In der Tat ist jeder vom Virus des Kapitalismus' infiziert, wenn man das so ausdrücken will.
Manche mehr, manche weniger. Doch manchmal sieht man Menschen, die ihre eigenen
Interessen zurückstellen, um anderen zu helfen. Es ist von daher nicht nur so, dass wir im
Kapitalismus nur zu bösen Menschen werden können, die nichts von Freundschaft,
Hilfsbereitschaft, Respekt usw. wissen. Wir lernen auch für einander dazusein, denn wir wissen
nur gemeinsam sind wir stark. Der Mensch ist von sich aus ein Gemeinschaftswesen, er kann
nicht ohne andere Menschen leben. Ein einsamer Mensch kann daher seine Persönlichkeit
unmöglich allein voll entfalten. Wir lernen auch die natürliche Liebe und Fürsorge unserer Eltern
und die Zuneigung anderer Menschen sowie den Zusammenhalt der eigenen Freunde kennen. Es
kommt daher drauf an, was überwiegt in unserem Leben. Die guten oder die schlechten
Verhältnisse, in denen wir aufwachsen. So sind Kinder zum Beispiel noch ganz anders als
Erwachsene.

Die Zukunft
Kinder sind vom System noch nicht so stark beeinflusst, weil sie die Wirklichkeit nicht wie
Erwachsene sehen können. Das liegt daran, dass sie noch nicht so lange wie Erwachsene in ihren
Lebensverhältnissen leben und noch kaum Lebenserfahrung besitzen. Sie sind von daher
fröhlicher und lebenslustiger als wir. Sie haben noch Träume und machen sich noch keine Sorgen
um die Zukunft. Sie kennen kein Besitz und Eigentum oder sie wissen nicht, warum der Vater
entlassen wurde oder warum es plötzlich auf die Spielzeuge verzichten muss. Sie begreifen noch
nicht die Zusammenhänge und Verhältnisse, die diese und andere Probleme und Zwänge
hervorrufen.

Im voranschreitenden Alter werden sie aber sehen, was Perspektivlosigkeit, Arbeitslosigkeit,


Egoismus und Rassismus bedeuten. Sie werden die hässliche Fratze des Systems sehen und
spüren. Sie werden selbst zu Menschen, wie wir es schon längst sind und diese Kette setzt sich
unendlich fort, wenn sich nicht endlich etwas ändert. Denn je brutaler und fauler das System
wird, desto mehr bringt es Menschen hervor, deren Charakter nur noch aus schlechten
Eigenschaften besteht und das Gute verkümmert ist.
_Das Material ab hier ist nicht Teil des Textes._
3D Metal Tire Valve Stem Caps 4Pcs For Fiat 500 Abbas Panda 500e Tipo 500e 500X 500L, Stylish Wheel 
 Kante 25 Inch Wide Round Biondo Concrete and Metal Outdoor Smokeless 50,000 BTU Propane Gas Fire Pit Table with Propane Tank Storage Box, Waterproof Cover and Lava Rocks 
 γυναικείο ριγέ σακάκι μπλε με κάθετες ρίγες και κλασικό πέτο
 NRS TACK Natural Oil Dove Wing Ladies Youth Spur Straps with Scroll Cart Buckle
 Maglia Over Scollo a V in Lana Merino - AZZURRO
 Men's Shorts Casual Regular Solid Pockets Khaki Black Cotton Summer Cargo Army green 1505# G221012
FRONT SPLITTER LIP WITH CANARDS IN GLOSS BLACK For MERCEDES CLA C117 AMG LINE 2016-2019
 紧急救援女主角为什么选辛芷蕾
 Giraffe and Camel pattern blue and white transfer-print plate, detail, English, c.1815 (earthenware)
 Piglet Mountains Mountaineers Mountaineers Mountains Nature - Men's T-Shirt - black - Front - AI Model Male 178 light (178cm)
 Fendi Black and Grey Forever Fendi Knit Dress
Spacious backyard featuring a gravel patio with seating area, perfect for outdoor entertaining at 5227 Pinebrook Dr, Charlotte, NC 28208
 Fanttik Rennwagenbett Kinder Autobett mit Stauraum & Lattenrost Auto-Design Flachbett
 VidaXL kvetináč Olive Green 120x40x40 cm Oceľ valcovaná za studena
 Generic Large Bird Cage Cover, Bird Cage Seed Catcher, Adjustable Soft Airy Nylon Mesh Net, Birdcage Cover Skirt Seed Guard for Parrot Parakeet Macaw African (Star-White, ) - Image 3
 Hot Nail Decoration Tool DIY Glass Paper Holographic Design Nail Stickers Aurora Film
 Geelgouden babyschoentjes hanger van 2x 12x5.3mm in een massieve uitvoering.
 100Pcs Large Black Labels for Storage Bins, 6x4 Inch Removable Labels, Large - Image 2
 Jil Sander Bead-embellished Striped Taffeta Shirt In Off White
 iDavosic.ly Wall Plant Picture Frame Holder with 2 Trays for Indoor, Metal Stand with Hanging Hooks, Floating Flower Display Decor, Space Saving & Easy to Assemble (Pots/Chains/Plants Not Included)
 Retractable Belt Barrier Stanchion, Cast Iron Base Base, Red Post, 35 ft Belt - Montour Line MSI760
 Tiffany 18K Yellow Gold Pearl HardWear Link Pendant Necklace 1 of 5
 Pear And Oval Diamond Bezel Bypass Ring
Anton S. Makarenko, ein berühmter sowjetischer Wissenschaftler, drückte das so aus: „Die Kälte
des Charakters, getarnt durch formelle Höflichkeit, nur schwache Sympathiegefühle für andere,
eingefleischter Egoismus, zielbewusstes Strebertum und moralische Wendigkeit sowie
Gleichgültigkeit gegenüber den anderen Mitmenschen; all das ist in der bürgerlichen Gesellschaft
leider natürlich und normal.“

Was tun?
Etwas grundlegendes muss sich ändern, welches das Fundament dieses Systems erschüttert und
niederreißt. Die alten Verhältnisse müssen überwunden werden, damit der Mensch seine wahre
Persönlichkeit entfalten kann. Der Sozialismus ist die einzige Alternative. Die sozialistische
Gesellschaft wäre gekennzeichnet durch Freude am Schöpferischen, Freude am Umgang mit
Menschen jenseits von Eigeninteressen, Gemeinsamkeit und Zusammenhalt. Warum? Weil es
nichts mehr nützen würde egoistisch zu sein, um seinen eigenen Reichtum zu vermehren. Denn
es gäbe keinen Privateigentum mehr; dadurch wären das Streben nach Profit und die Konkurrenz
der Menschen untereinander abgeschafft. Man bräuchte nicht mehr an seine eigenen Interessen
denken und der Mensch könnte nur durch gemeinsames Arbeiten voranschreiten. Die veränderten
Verhältnisse würden wieder die Charakter der Menschen verändern. Und dieses mal zum Guten
hin! Es ist höchste Zeit dafür. Der Sozialismus ist möglich, aber der Weg dahin ist schwer. Doch
gemeinsam können wir es packen!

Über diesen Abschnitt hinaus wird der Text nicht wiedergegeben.